Acht advocaten in Myanmar mogen sinds kort hun werk weer uitoefenen, mede dankzij druk van de Canadese Law Society.
De advocaten maken deel uit van een groep van 32 die gevangenisstraffen en beroepsverboden opgelegd kregen wegens vermeende betrokkenheid bij de opstand in 1988, toen onrust over de slechte economie en de politieke onderdrukking tot wijdverspreide demonstraties leidde. Bij het neerslaan van de volksopstand kwamen duizenden mensen om.
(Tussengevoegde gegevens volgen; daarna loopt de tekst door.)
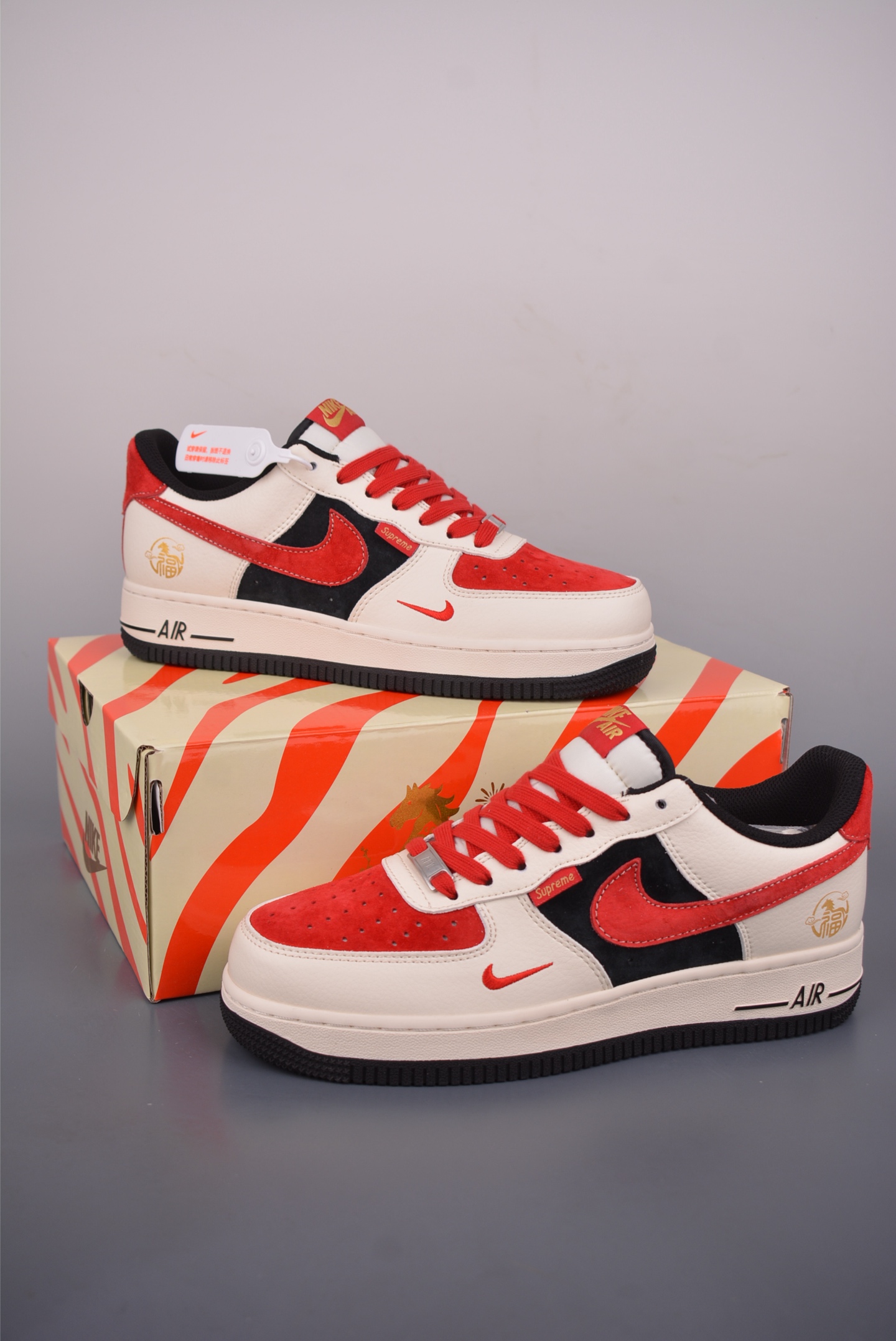 260 Nike Air Force 1 Low 恭喜发财 XD0028-012-Chinese UA Cheap High Quatity Brand Clothes Bags handbags Sneakers wholesale wholesaler seller from China Factory suppliers Fashion Clothing Shoes best Quality Beautiful Price 260 Nike Air Force 1 Low 恭喜发财 XD0028-012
Toen het militaire regime zijn ijzeren greep op het land enigszins versoepelde, greep de Law Society of Upper Canada de gelegenheid aan om aandacht te vragen voor het lot van deze advocaten. In 2011 schreef de organisatie een brief aan president Thein Sein waarin men zorgen uitte over hun situatie.
En met succes: één van de advocaten, zo meldt de Canadese National Post, schreef in een email dat hij ‘na 10 jaar gevangenisstraf en een beroepsverbod van 11 verschrikkelijke jaren’ eindelijk weer aan het werk kon. En de advocaten wiens beroepsverbod nog niet is opgeheven, mogen vanaf nu in ieder geval een verzoek daartoe indienen.
Deze tegemoetkomingen lijken onderdeel te zijn van een charme offensief waarvoor president Thein Sein eerder deze maand het startsein gaf. In een toespraak voor een Amerikaanse handelsmissie zei hij dat men druk doende is verouderde wetgeving aan te passen om het land zo aantrekkelijk te maken voor buitenlandse investeerders. En dat lukt alleen als ook advocaten in Myanmar ongehinderd hun werk mogen doen.